One of the things that largely disappeared from Christian vocabulary in the preceding couple of generations was martial language. There are some reasons. This sermon makes some guesses. But losing that language has cost the church dearly I believe. First, it is biblical. Using military words for the Christian life is all over the New and Old Testaments. The Epistle Lesson for the day (Ephesians 6:10-20) is just the most direct. And second, the Christian Life is the life of sanctification. And the life of sanctification is a life of stuggle against Satan, the World and our own sinful flesh. Now while pride might want us to use that martial language against Satan, the honest answer is that we are called most often to use it against ourselves. This sermon works on those themes, and it does it using the hymn Onward Christian Soldiers as the opening.

An Arizona Visit

I was sitting in my office fresh from vacation.  The translation for the week was done. I was trying to scrape the rust off the brain.  Half-heartedly skimming somebody’s commentary on the gospel of the week. When I felt a breeze.  But it wasn’t the AC kicking on and refilling the tubes.  Instead it was an old friend.

“Dr. Luther, I didn’t know if I’d ever see you again.  I got the feeling the last time we talked it might be the last time. And that was quite a while ago.  About 7 years”

“Seven years? You’ve got to remember, time for me isn’t quite linear anymore. Worms feels like yesterday.  So that little conversation of ours was just this morning.  But I did notice that you seem to have moved.  And not a small one.  You know, other than my trip to Rome, which was only about 850 miles, I don’t think I ever traveled more than 75 miles away from my hometown.  And you are sitting on the other end of a continent!  And it is hot.  Are you sure you didn’t move closer to hell?”

“Yeah.  That might have been an undercurrent in that conversation earlier this morning. Remember how von Staupitz sent you on that Roman trip. Said, ‘you need to see the city.’  Sometimes in our common work of the gospel you need to be somewhere else.  At least that is what we tell ourselves.”

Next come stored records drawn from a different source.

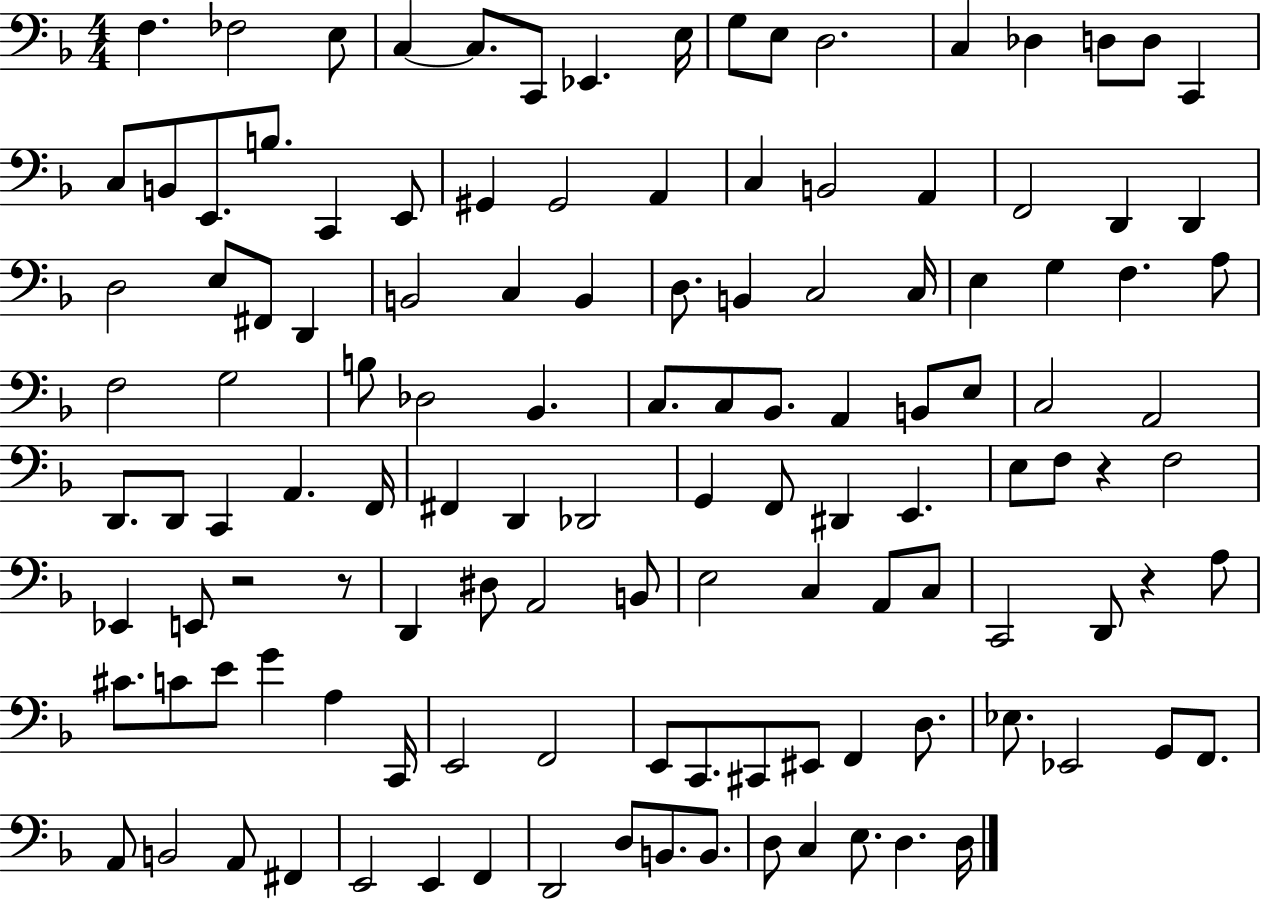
{
  \clef bass
  \numericTimeSignature
  \time 4/4
  \key f \major
  f4. fes2 e8 | c4~~ c8. c,8 ees,4. e16 | g8 e8 d2. | c4 des4 d8 d8 c,4 | \break c8 b,8 e,8. b8. c,4 e,8 | gis,4 gis,2 a,4 | c4 b,2 a,4 | f,2 d,4 d,4 | \break d2 e8 fis,8 d,4 | b,2 c4 b,4 | d8. b,4 c2 c16 | e4 g4 f4. a8 | \break f2 g2 | b8 des2 bes,4. | c8. c8 bes,8. a,4 b,8 e8 | c2 a,2 | \break d,8. d,8 c,4 a,4. f,16 | fis,4 d,4 des,2 | g,4 f,8 dis,4 e,4. | e8 f8 r4 f2 | \break ees,4 e,8 r2 r8 | d,4 dis8 a,2 b,8 | e2 c4 a,8 c8 | c,2 d,8 r4 a8 | \break cis'8. c'8 e'8 g'4 a4 c,16 | e,2 f,2 | e,8 c,8. cis,8 eis,8 f,4 d8. | ees8. ees,2 g,8 f,8. | \break a,8 b,2 a,8 fis,4 | e,2 e,4 f,4 | d,2 d8 b,8. b,8. | d8 c4 e8. d4. d16 | \break \bar "|."
}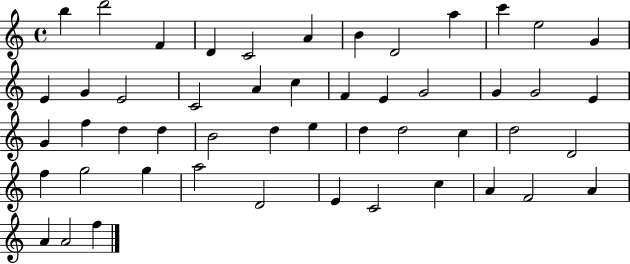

“But it seems to have worked. The black dog was at your door last time, and I hear no barking now.  Although these little chats are never without purpose.  I don’t get released from Leo X and Charles V for chit-chat.”

“You are going to have to tell me about those chats.”

“You’ll get your own one day.  Mark 7.  That’s what you are pondering.”

“Yes. It is just so unnatural.  It is all law, but the law is usually natural. We call it cancel culture – driving out the unclean – but it is really larger than that. Parents spend inordinate amounts of time and money trying to control their kids peer groups.  Our own synod excommunicated a 20 year old recently, basically for hanging out with the the wrong sorts. All of that seems natural, like practical wisdom.  Hygiene.  Yet Christ says, ‘there is nothing outside a person that by going into him can defile him.’  And the received understanding immediately jumps to Jesus eating with ‘tax collectors and sinners.’ But this passage has been used to justify all kinds of terrible stuff.  Material that is clearly not good for anything, but the second you say so, somebody stands up and calls you a Pharisee or a legalist.”

“I did say the proper separation of law and gospel was the hardest skill in all of Christendom.  And the one most necessary.”

“Yes. And I don’t think we’ve done that right here in a long time.”

“Keep talking.”

“The context that Jesus is talking about is piety practices. Hand and cup washings, pledges to God, for lack of a better word ‘religious acts.’ Things that might have started out as helpful to faith, but have become the entire purpose replacing faith. Practicing magic. Virtue Signaling. In your day, indulgences, pilgrimages and relics.”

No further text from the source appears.